Occasional shells passed over and a line of battle was formed on the crest of a ridge to support a battery there. It was greeted with minie balls which continued to come for some hours, more or less thickly. They did little harm, however, being aimed too high, but the experience was a trying one upon the nerves. Companies K and E, Lieutenants Thompson and Hall commanding, were advanced as skirmishers for the brigade front. The two companies, loaded with knapsacks, etc. went in on the double quick. Many of the men were nearly exhausted but they drove the enemy across a field and into a wood, in the edge of which they made a stand. The two companies of skirmishers then took a position under the brow of a hill and lay down, all the while keeping up a brisk fire. The enemy made many attempts to break through the line, but were repulsed every time. Just before dark they opened a brisk fire upon the skirmishers, who held their ground.

The Orderly Sergeant, Thomas P. Manning, was killed, and one man was wounded.

At dark the line of skirmishers was advanced nearly to the wood and received but three shots, which injured no one. At half past 9 they were relieved, having been out ten hours. When these two companies, K and E, were advanced in the morning, the rest of the regiment was ordered to the right to support the skirmish line of the 72nd Pennsylvania Volunteers whose whole field force was deployed. Companies H and G were here deployed to close a gap in the above mentioned line, connecting with it on both flanks; the balance of the regiment being in reserve, where it remained all night. Sometime after dark Companies K and E rejoined the regiment. This was the last engagement of the year for the Nineteenth Massachusetts, as this command was not engaged during the brief manoeuvres which followed.

Sergeant Thomas P. Manning, of Co. K, was killed in the engagement and he was one of the bravest and truest soldiers [277] in the regiment. He was a gentleman and one whose attainments and services fitted him for high place. None of the men whom the Nineteenth had lost were more sincerely mourned, or, when living, respected and obeyed more thoroughly than he. Each private felt that he had lost a true and honest friend; each officer that he had lost a brave and loyal brother in arms.

The regiment lay at Robertson's Tavern through the night, and on the afternoon of the 28th, the Corps having been relieved by the Fifth, started on what was called ‘Warren's Flank March.’ The men of the Nineteenth were advanced as skirmishers, but few of the enemy were found, they having retreated to their works. A few shells were sent over to them, which they kindly returned, and finally the line came up with them strongly posted on a range of hills, and heavy firing began. The Nineteenth Massachusetts was relieved at 4 o'clock.

Little distance was covered that night and on the 29th (Sunday) a hard march was begun at daylight. The Second Corps exchanged positions with the Fifth Corps, moving to the left. Good Hope church, on the Orange Plank Road was reached at noon. Here a short stop was made and then the regiment moved out by the Orange Plank Road, firing being kept up between the skirmishers. The Nineteenth was sent out in the afternoon to support the skirmishers. A branch of Mine Run was reached in the evening and here the men bivouacked.

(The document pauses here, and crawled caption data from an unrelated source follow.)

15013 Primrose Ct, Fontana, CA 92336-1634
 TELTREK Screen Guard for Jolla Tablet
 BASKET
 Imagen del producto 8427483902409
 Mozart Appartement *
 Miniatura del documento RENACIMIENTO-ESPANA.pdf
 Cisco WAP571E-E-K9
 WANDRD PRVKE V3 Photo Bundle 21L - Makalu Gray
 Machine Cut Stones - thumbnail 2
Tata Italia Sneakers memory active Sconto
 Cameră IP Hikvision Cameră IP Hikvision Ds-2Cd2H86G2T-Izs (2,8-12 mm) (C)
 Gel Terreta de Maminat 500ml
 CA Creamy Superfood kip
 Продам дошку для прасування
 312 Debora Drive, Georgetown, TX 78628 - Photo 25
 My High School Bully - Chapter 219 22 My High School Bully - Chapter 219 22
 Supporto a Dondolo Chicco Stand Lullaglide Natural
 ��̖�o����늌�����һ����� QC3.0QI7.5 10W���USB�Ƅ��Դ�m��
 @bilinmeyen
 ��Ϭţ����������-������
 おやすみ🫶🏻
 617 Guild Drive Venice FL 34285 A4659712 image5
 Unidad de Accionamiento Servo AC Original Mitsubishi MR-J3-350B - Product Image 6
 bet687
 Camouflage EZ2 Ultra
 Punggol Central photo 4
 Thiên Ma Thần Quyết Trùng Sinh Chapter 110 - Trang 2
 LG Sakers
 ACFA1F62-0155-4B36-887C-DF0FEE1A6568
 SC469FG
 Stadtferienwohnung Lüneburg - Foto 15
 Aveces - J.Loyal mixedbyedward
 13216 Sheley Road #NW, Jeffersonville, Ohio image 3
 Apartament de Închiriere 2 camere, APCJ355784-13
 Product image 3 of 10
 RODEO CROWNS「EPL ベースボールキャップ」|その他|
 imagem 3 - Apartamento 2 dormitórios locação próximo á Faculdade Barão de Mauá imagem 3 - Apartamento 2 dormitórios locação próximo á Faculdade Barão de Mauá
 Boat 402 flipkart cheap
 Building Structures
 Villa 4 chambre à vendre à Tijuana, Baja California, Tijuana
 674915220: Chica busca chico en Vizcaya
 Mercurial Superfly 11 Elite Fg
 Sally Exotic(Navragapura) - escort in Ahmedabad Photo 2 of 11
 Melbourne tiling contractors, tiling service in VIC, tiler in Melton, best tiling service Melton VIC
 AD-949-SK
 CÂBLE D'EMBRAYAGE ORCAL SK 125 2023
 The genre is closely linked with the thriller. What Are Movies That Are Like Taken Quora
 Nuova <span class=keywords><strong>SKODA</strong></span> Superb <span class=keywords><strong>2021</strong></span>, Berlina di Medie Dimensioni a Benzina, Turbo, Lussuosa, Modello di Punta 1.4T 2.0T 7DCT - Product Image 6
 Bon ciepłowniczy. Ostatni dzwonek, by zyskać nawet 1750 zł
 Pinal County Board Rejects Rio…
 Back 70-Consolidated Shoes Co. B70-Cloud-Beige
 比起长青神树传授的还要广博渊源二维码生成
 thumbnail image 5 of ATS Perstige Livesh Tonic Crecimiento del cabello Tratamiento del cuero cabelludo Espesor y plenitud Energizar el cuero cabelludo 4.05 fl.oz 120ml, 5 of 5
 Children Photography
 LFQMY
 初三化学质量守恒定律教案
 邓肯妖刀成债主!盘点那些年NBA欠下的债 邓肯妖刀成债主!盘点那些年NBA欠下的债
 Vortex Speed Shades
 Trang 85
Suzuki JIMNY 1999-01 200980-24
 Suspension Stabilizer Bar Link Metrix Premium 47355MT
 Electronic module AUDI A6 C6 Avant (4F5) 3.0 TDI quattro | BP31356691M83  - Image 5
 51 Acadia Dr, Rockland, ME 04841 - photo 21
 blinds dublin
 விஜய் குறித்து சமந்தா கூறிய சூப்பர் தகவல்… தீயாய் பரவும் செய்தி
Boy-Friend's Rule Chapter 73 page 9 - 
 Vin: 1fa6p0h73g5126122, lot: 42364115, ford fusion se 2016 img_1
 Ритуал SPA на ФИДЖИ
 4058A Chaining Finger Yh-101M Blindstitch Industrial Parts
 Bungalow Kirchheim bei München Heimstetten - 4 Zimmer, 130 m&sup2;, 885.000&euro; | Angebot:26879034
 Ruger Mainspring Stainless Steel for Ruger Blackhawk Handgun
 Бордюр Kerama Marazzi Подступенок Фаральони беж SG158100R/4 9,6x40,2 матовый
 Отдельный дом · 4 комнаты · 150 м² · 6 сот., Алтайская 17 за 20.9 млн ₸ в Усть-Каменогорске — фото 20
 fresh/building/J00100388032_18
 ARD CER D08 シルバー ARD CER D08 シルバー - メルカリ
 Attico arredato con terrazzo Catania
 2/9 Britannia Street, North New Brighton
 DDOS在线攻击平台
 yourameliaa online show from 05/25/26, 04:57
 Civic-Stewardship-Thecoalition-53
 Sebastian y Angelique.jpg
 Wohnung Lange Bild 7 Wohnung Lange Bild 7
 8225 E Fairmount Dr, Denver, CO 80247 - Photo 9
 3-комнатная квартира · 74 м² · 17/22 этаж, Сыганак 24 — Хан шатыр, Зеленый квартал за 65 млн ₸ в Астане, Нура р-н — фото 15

The enemy's watch fires were plainly visible but a short distance away, across Mine Run Creek. It was bitterly cold and heavy overcoats were hardly sufficient protection for the pickets against the high wind which came in icy blasts across the plains. A number of pickets in the Corps froze to death upon their posts during the night. The mercury was below the freezing point and thin ice formed in the creek. The water in the canteens was solidly frozen. The men were completely tired out, having had very little sleep for several nights.

At midnight the pickets were called in and the Division crossed Mine Run and formed in line of battle behind a low ridge. On the right of the Second Corps were the Third and Fifth Corps and on the left were the Sixth Corps. The movement [278] was made very quietly in the darkness, and each regiment was hardly conscious of the presence of the other, as the line was continued to the right and left. Permission was given for the men to lie down but nothing could be unpacked and no fires whatever were allowed, not even the lighting of a match or a pipe and no loud talk or laughter could be indulged in. This state of affairs was anything but pleasant on such a cold night, and, to make matters worse, the information was given out that at 8 o'clock on the following morning the men of the Second Corps were to make an assault on the rebel works.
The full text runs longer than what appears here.